Hari ini, sudah hampir petang ketika Ghani menurunkan Adilla di depan rumahnya. Keberadaan mobil Satya di dalam garasi menandakan kakaknya itu sudah berada di rumah. Sedangkan mobil hitam yang terparkir di halaman menunjukkan kalau sedang ada tamu di rumah mereka.

Adilla menatap datar ke arah mobil hitam berbadan besar tersebut. Hampir 24 jam dan baru sekarang Gavin berniat menemui Adilla? Baiklah. Adilla ingin melihat seberapa besar usaha pria itu untuk meredakan kekecewaannya.

Mungkin Adilla turut serta membuat kondisi semakin runyam karena dengan sengaja dia tidak mengindahkan telepon dari Gavin. Namun, panggilan telepon yang masuk satu kali ketika kemarin malam dan sekali lagi saat sarapan, tidak membuat Adilla merasa tersentuh sama sekali. Gavin bahkan tidak mau repot mengirimkannya satu pesan pun.

Mungkin bagi Gavin, tidak ada yang perlu dijelaskan dan terlalu membuang waktu kalau harus lebih berusaha lagi demi bisa berbicara dengannya. Jadi, Adilla memilih bertahan dengan egonya, kukuh tidak menghubungi duluan walau dia harus mengalami kesulitan tidur karenanya.

Adilla juga tidak merasa heran ketika mendapati Satya bisa duduk santai di ruang tamu bersama Gavin. Bahkan keduanya terlihat berbincang dengan santai seperti kawan lama meski Adilla tahu kalau keduanya baru saja saling mengenal secara dekat.

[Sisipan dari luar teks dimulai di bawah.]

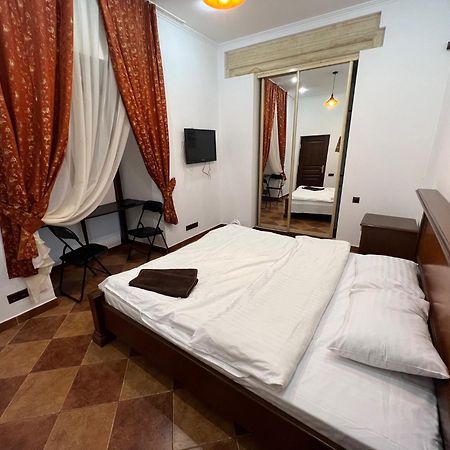Ukrainian House Апартаменти На Площі Ринок Lwów Zewnętrze zdjęcie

Umur Satya tiga tahun di atas Adilla. Dia sudah berada pada tahun terakhir kuliah strata satunya di jurusan bisnis. Satya juga sudah mulai membantu urusan kantor ayahnya saat ini. Makanya ketika dia bisa berbincang dengan Gavin yang lebih dulu terjun di dunia kerja, pastilah sangat menarik dan menguntungkan bagi Satya.

Adilla mencibir dalam hati ketika membayangkan kalau kakak sepupunya itu pasti sudah mulai respek pada Gavin, dibandingkan kepada para pria lain yang pernah mendekati Adilla.

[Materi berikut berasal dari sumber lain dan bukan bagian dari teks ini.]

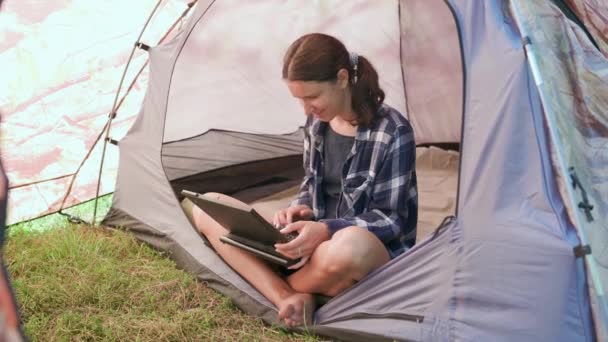 Genç Bayan Turist Çadırda Oturuyor Konferansta Ekibe Brifing Veriyor Uzaktan — Stok video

Adilla menyapa singkat keduanya ketika melewati ruang tamu. Melirik sekilas pada Gavin, tapi tetap melangkah menuju kamar. Tidak berniat bergabung bersama mereka. Dia bahkan sibuk memeriksa beberapa notif di ponsel ketika Satya sudah bersandar di kusen pintu kamarnya dengan tangan bersedekap di dada.

"Dia sudah lama nungguin kamu," ucap Satya, meminta perhatian Adilla.

"Hm." Adilla masih fokus pada beberapa pesan obrolan yang dikirimkan Vaya dan Ivan di grup mereka.

"Dilla ...."

Satya memang memanggil dengan nada lembut, tapi sekaligus menyuarakan sebuah teguran. Mau tidak mau Adilla harus mendongak untuk memandang kakaknya.

"Kamu yang paling tahu gimana nggak enaknya diabaikan, kan?" sindir Satya, meski tidak berniat menghakimi. Hanya saja, dia tahu bagaimana sensitifnya Adilla terkait pengabaian seseorang, terutama dari orang terdekat.

Adilla membuang napas panjang, tersenyum kecut. Tentu saja dia tahu bagaimana rasanya diabaikan. Sindiran Satya membuatnya tersadar kalau saat ini ternyata dialah yang sudah mengabaikan orang lain hanya demi memuaskan rasa kecewanya. Benar-benar kekanak-kanakan.

"Kakak jangan nguping, ya," tegur Adilla sambil berjalan mendekati Satya dengan bibir cemberut.

Satya tersenyum geli sambil mengacak puncak kepala adiknya dengan sayang. "Nggak bisa kamu main petak umpet sama yang ini. Orangnya beda banget dibanding bocah-bocah yang biasa dekatin kamu."

Adilla hanya kembali tersenyum masam. Tentu saja mereka tidak sama. Gavin bahkan lebih berumur dibanding semua cowok yang pernah mendekatinya. Namun tetap saja, mereka sama-sama pria dengan ego kebanggaan mereka. Fakta itu sudah cukup menjelaskan bagaimana pola pikir mereka.